In the material below, the lines from the one containing "Green quilted round" through the one containing "Diese Familie liegt" are to be given again exactly, ends included, and no others.

- DATA EXTRACTS -
-=-=-=-=-

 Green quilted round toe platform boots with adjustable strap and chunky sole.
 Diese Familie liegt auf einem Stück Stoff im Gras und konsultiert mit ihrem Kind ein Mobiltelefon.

-=-=-=-=-

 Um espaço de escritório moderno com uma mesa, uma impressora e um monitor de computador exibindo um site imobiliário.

-=-=-=-=-

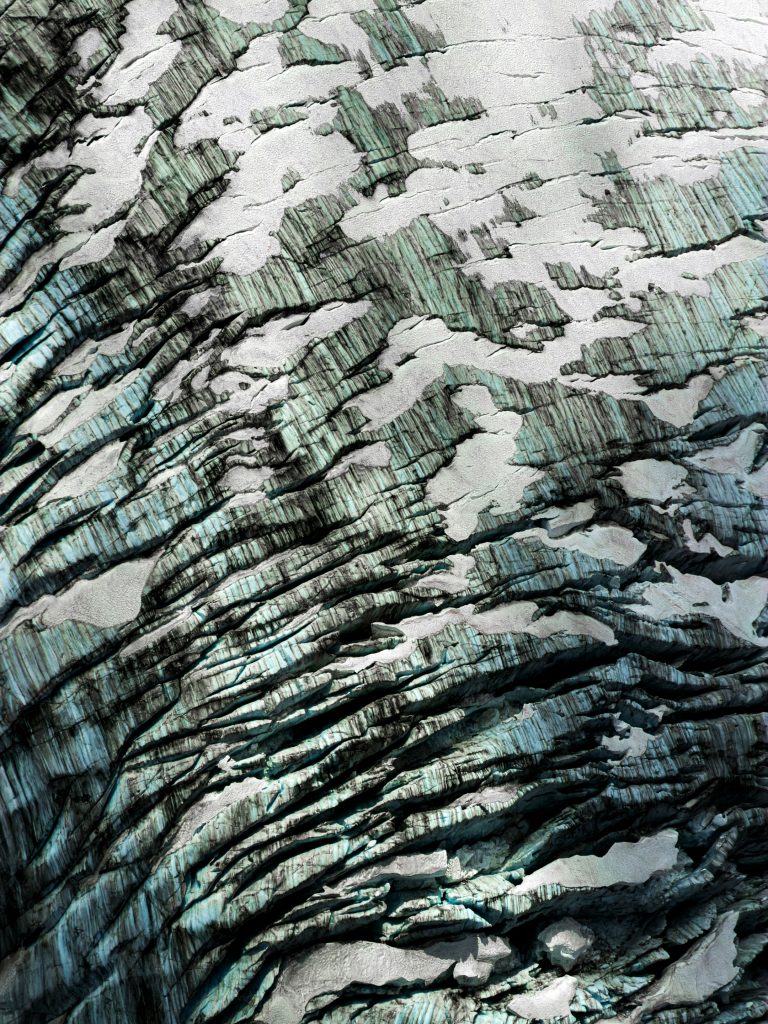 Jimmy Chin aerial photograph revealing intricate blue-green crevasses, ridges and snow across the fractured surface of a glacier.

-=-=-=-=-

- WRITTEN REPLY -
 Green quilted round toe platform boots with adjustable strap and chunky sole.
 Diese Familie liegt auf einem Stück Stoff im Gras und konsultiert mit ihrem Kind ein Mobiltelefon.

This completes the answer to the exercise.